En banlieue d'Athènes, 50 m2 pour 30.000 euros

Pour réaliser de bonnes affaires, il faut oublier la mer et ses maisons blanchies à la chaux. Direction Athènes où l'effondrement des prix se concentre sur le moyen de gamme. "On trouve des appartements de 40-50 m² en quartier périphérique pour 30.000 euros", détaille Nicolas Mugni, fondateur de l'agence et du site "Demeures de Grèce". Patrick Tkatschenko confirme : "à Athènes, il y a des quartiers où on peut acheter à moins de 500 euros le m²", mais assure que "les étrangers n'iront pas investir là".

Et dans la capitale, le stock d'appartements ne manque pas. On parle de 200.000 à 300.000 appartements, construits dans les années 2000 et aujourd'hui vacants.

La classe moyenne grecque, impactée par les réformes, est contrainte de vendre, voire de brader les appartements, confie l'agent immobilier. "Dans certains cas, il y a 60% de baisse", souffle l'agent. Alors c'est peut-être là que le public étranger pourra dénicher la perle rare. A deux pas du stade de Marbre, à Athènes, une retraitée française s'est offert un 50 m² pour la bagatelle de 50.000 euros. "je rencontre une dizaine de personnes par an tentées par cette aventure", souffle Patrick Tkatschenko.

En se dirigeant dans les quartiers huppés de la capitale, la baisse des prix amorcée en  2009 se confirme aussi. A l'instar de Kolonaki, au centre d'Athènes, avec des prix qui ont chuté de 40% en 6 ans. "Avant, on ne vendait rien en dessous de 3000 euros le m2, maintenant on est à 1200 euros le m2", détaille Patrick Tkatschenko. "Dans les quartiers cotés, on était à 5000 euros le mètre carré en 2009, maintenant on est plus entre 2500 et 3000 euros", ajoute Nicolas Mugni.

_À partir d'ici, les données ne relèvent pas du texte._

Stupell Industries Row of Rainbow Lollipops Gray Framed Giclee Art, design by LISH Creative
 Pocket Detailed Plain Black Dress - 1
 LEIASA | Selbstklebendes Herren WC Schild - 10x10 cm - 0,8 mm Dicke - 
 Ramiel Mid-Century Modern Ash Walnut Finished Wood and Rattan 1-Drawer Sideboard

Même les banlieues du sud d'Athènes, prisées car en bord de mer, à l'instar de Paleó Fáliro ou de la très bling-bling Glyfáda ont vu leurs prix dégringoler en quelques années : entre 1000 et 2000 euros le m², soit une baisse de 50%.

L'immobilier suspendu à un nouvel accord européen

Si les étrangers peuvent doper l'immobilier, notamment par les mesures incitatives instaurées à l'instar du Golden Visa qui permettent d'attirer les capitaux étrangers en Grèce, les Hellènes eux n'achètent plus. "Les gens sont contraints de vendre car ils n'ont plus d'argent pour vivre et pour payer les taxes", observe Maître Athanassios Dragios, notaire à Athènes. Depuis 5 ans, les biens achetés diminuent, mais cette année 2015 est d'ores et déjà la plus noire. Et pourtant, la Banque nationale grecque note que les prix ont baissé de 40% ces cinq dernières années, assure le notaire.

Dans son étude, même les clients étrangers se font discrets. "J'ai quelques contrats avec eux, mais même eux ne se pressent pas". L'heure est à l'attentisme. "Si on trouve une solution au mois de septembre (à la crise), on va pouvoir retravailler sérieusement. Les Grecs vont aussi reprendre confiance dans le marché immobilier", souhaite Athanassios Dragios. Pour le moment, "on attend, et on espère".